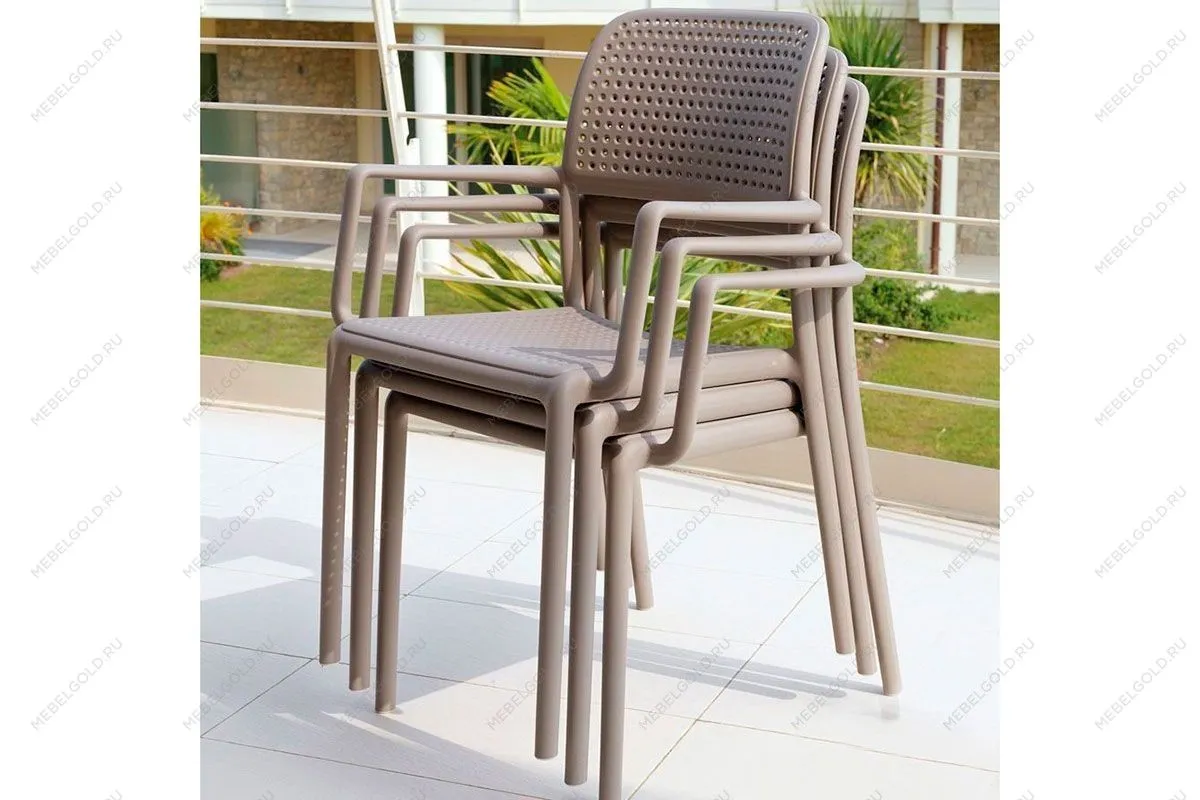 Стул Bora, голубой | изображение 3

::::

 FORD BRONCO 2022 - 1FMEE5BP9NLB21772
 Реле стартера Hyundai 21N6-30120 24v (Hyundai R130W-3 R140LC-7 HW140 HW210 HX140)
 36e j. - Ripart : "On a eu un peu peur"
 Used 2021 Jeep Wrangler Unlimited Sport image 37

::::

Exercise description |
What are the lines above, starting at the one with "36e j. - Ripart" and ending at the one with "Used 2021 Jeep"? Give them again exactly, and only them.

Solution for this task |
 36e j. - Ripart : "On a eu un peu peur"
 Used 2021 Jeep Wrangler Unlimited Sport image 37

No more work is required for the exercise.